Short descriptive text snippets
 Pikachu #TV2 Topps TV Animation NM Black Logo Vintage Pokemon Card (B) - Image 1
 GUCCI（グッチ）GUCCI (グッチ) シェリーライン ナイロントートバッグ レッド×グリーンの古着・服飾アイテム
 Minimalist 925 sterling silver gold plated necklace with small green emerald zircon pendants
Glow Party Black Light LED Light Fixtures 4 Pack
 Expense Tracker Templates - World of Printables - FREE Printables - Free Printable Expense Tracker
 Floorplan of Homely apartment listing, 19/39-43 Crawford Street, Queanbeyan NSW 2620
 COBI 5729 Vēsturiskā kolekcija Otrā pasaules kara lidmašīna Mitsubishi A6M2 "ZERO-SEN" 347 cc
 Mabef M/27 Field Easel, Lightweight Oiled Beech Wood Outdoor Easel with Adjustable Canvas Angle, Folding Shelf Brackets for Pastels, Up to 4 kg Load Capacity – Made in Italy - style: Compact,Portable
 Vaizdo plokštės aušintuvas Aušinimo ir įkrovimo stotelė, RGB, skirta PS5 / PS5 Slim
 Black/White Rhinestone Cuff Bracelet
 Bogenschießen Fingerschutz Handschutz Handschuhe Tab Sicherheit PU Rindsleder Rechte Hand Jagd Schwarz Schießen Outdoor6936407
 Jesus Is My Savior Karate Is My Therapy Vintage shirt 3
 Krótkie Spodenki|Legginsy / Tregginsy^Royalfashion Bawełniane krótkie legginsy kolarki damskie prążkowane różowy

**Assignment:**
With the first line being the one containing "Vaizdo plokštės aušintuvas" and the last line the one containing "Bogenschießen Fingerschutz Handschutz", transcribe exactly the lines above that fall in that range.

**Answer space:**
 Vaizdo plokštės aušintuvas Aušinimo ir įkrovimo stotelė, RGB, skirta PS5 / PS5 Slim
 Black/White Rhinestone Cuff Bracelet
 Bogenschießen Fingerschutz Handschutz Handschuhe Tab Sicherheit PU Rindsleder Rechte Hand Jagd Schwarz Schießen Outdoor6936407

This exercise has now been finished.